Data block START

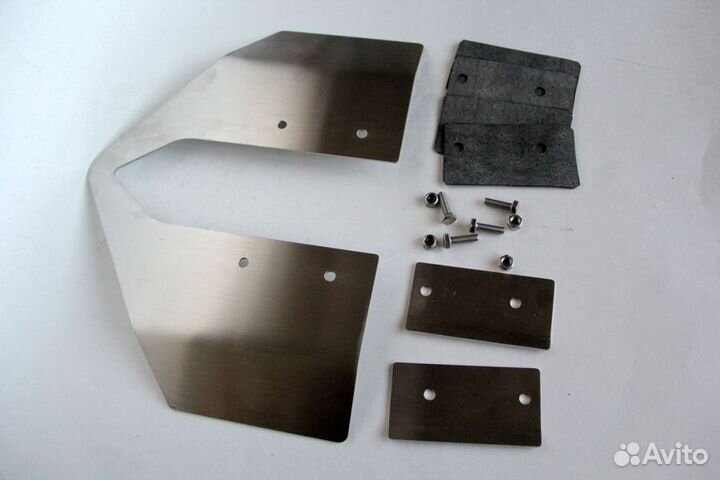 Гидрокрыло для моторов Тохатсу и Меркурий 3,5 л.с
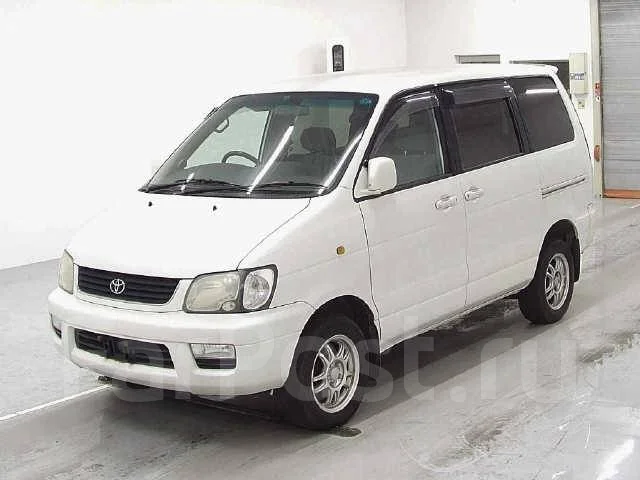 Toyota Lite Ace Noah. �������, 4wd, ������, 60����. ��, �/�, ��� ���. ��� ����� �� ������������ ����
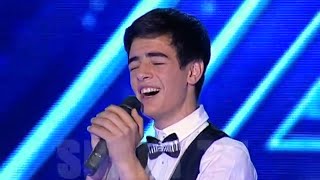 Du indz nerir mayrik  Vahe Margaryan XFactor [upl. by Aicatsue]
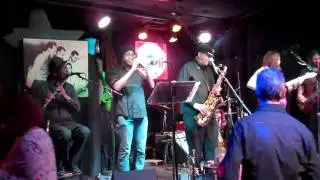 FreeWorld: Earth Mother (Sax & Guitar Jam Session)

Data block END

### What you have to do
Starting with the line that contains "Toyota Lite Ace", reproduce every line to the end of the material above, both end lines included, exactly and with no pictures.

### Exercise answer
 Toyota Lite Ace Noah. �������, 4wd, ������, 60����. ��, �/�, ��� ���. ��� ����� �� ������������ ����
 Du indz nerir mayrik  Vahe Margaryan XFactor [upl. by Aicatsue]
 FreeWorld: Earth Mother (Sax & Guitar Jam Session)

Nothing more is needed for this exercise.